First Lieutenant (Air Corps), U.S. Army Air Forces
35th Fighter Group, 5th Air Force
Date of Action: August 25, 1942

Citation:

The President of the United States of America, authorized by Act of Congress July 9, 1918, takes pleasure in presenting the Silver Star to First Lieutenant (Air Corps) Thomas Lloyd Hayes, Jr., United States Army Air Forces, for gallantry in action while serving as a Pilot of the 35th Fighter Group, Fifth Air Force, in action over Buna, New Guinea, on 25 August 1942. Through a combination of heavy tropical rain and very limited visibility, Lieutenant Hayes skillfully piloted his P-400 type aircraft into position so that on the bombing run direct hits were scored and eight to ten enemy planes were destroyed on the ground, a gasoline dump went up in flames, and a heavy caliber machine gun position was silenced.

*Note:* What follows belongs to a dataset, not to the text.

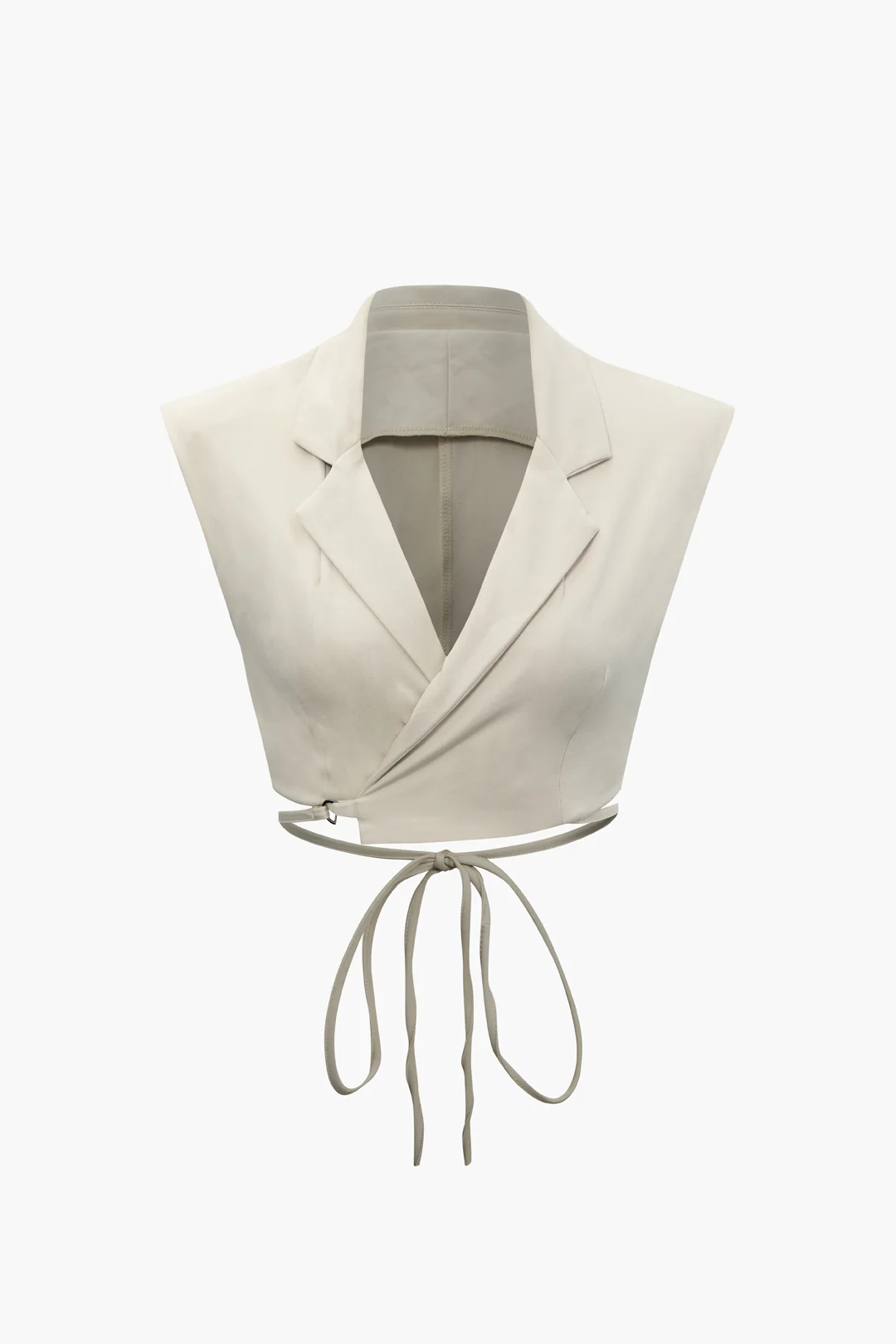 Notched Lapel Tie Back Vest And Straight Leg Suit Pants Set - Flockneti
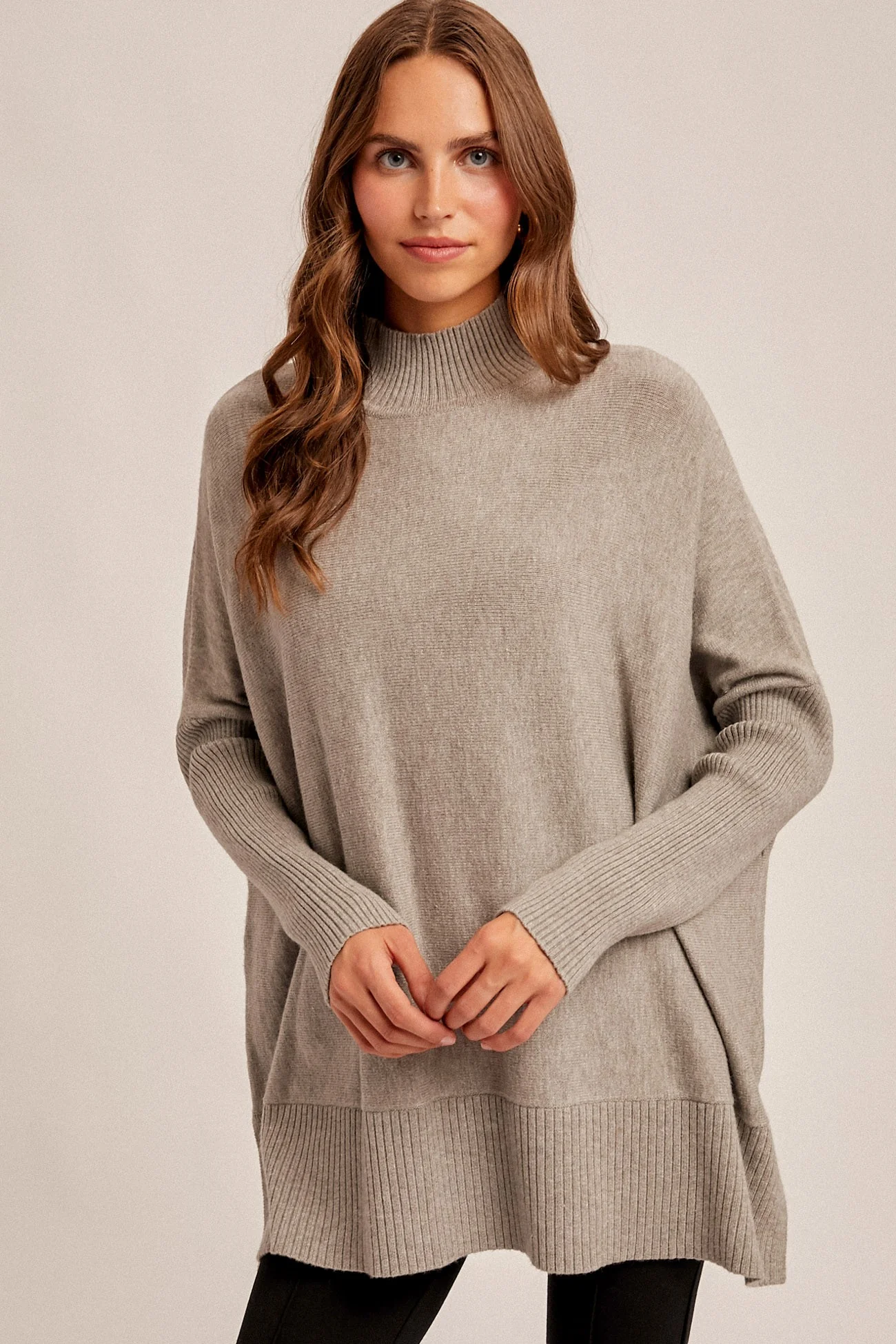 Grey Mock Neck Oversized Sir Slit Maternity Sweater Top - Image 4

This very successful raid was accomplished against the Japanese at Buna. It was the second trip over the mountainous and jungle terrain to the target area that day for Lieutenant Hayes. On the first flight adverse weather prevented the formation from locating the enemy. Courage and determination were displayed by Lieutenant Hayes in undertaking a second hazardous mission immediately after the first flight returned to home base.